**Exercise objective:**
Whatever pictures appear, omit them, and repeat the data below exactly.

**Caption-style text data:**
══════

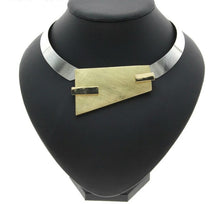Load image into Gallery viewer, Gold Silver Etched Choker Necklace
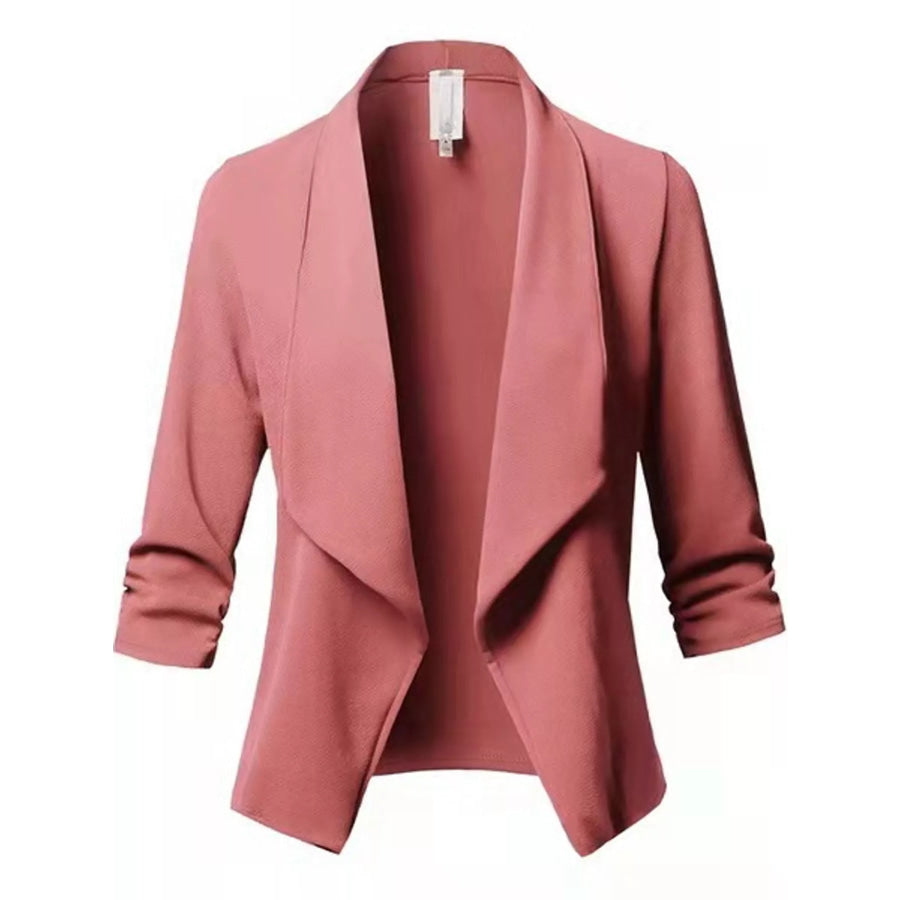 Full Size Open Front Drape Blazer with 3/4 Ruched Sleeves Plus Pink / S Apparel and Accessories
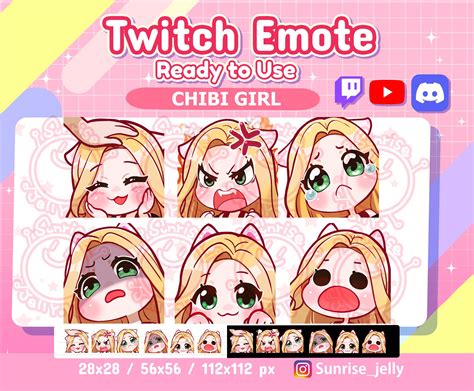 Twitch Emotes Mega Pack Blond Hair Green Eyes Chibi Girl Etsy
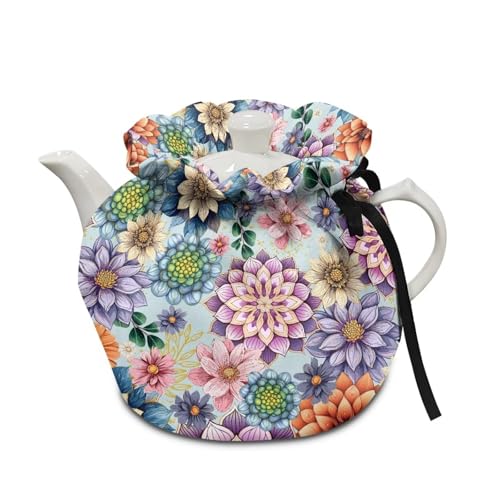 Xoenoiee Teewärmer mit Boho-Mandala-Blumenmuster, Teekannen-Abdeckung, Teekannen-Dekoration, Teewärmer für Küche, Zuhause, Teekanne, Teekessel, Steppdecke Xoenoiee Teewärmer mit Boho-Mandala-Blumenmuster, Teekannen-Abdeckung, Teekannen-Dekoration, Teewärmer für Küche, Zuhause, Teekanne, Teekessel, Steppdecke von Xoenoiee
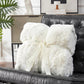 Cozy Bliss Faux Fur Throw Blanket for Couch - Soft Checkered Fuzzy Plush Cozy Throw Gift Blankets for Women,Cream White Boho Blanket for Sofa Bedroom Living Room.50 * 60 Inches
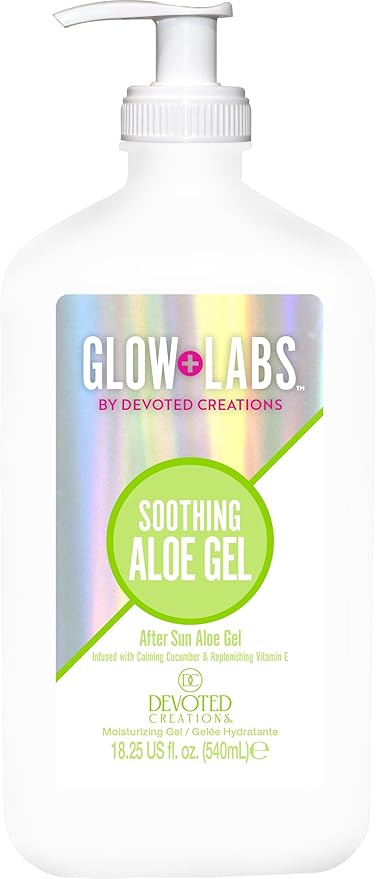Devoted Creations Glow+Labs Soothing Aloe Gel - Calming Cucumber After Sun Moisturizing Aloe Gel
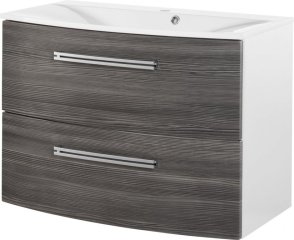 FM LUGANO umivalnik iz litega marmorja bel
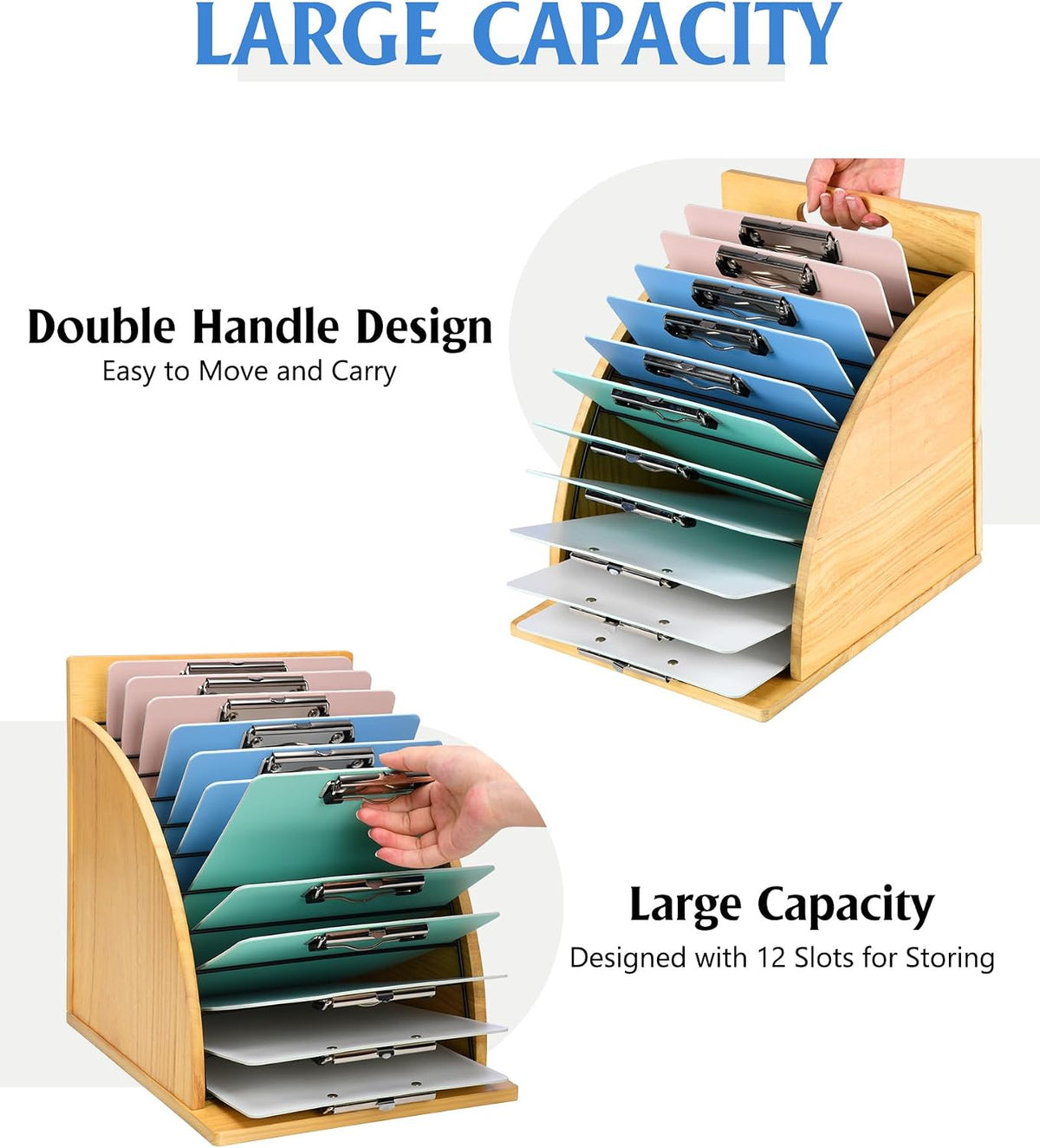 Clipboard Holder, Wooden Clipboard Organizer Storage with 12 Slots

══════

**Response:**
Load image into Gallery viewer, Gold Silver Etched Choker Necklace
 Full Size Open Front Drape Blazer with 3/4 Ruched Sleeves Plus Pink / S Apparel and Accessories
 Twitch Emotes Mega Pack Blond Hair Green Eyes Chibi Girl Etsy
 Xoenoiee Teewärmer mit Boho-Mandala-Blumenmuster, Teekannen-Abdeckung, Teekannen-Dekoration, Teewärmer für Küche, Zuhause, Teekanne, Teekessel, Steppdecke Xoenoiee Teewärmer mit Boho-Mandala-Blumenmuster, Teekannen-Abdeckung, Teekannen-Dekoration, Teewärmer für Küche, Zuhause, Teekanne, Teekessel, Steppdecke von Xoenoiee
 Cozy Bliss Faux Fur Throw Blanket for Couch - Soft Checkered Fuzzy Plush Cozy Throw Gift Blankets for Women,Cream White Boho Blanket for Sofa Bedroom Living Room.50 * 60 Inches
Devoted Creations Glow+Labs Soothing Aloe Gel - Calming Cucumber After Sun Moisturizing Aloe Gel
 FM LUGANO umivalnik iz litega marmorja bel
 Clipboard Holder, Wooden Clipboard Organizer Storage with 12 Slots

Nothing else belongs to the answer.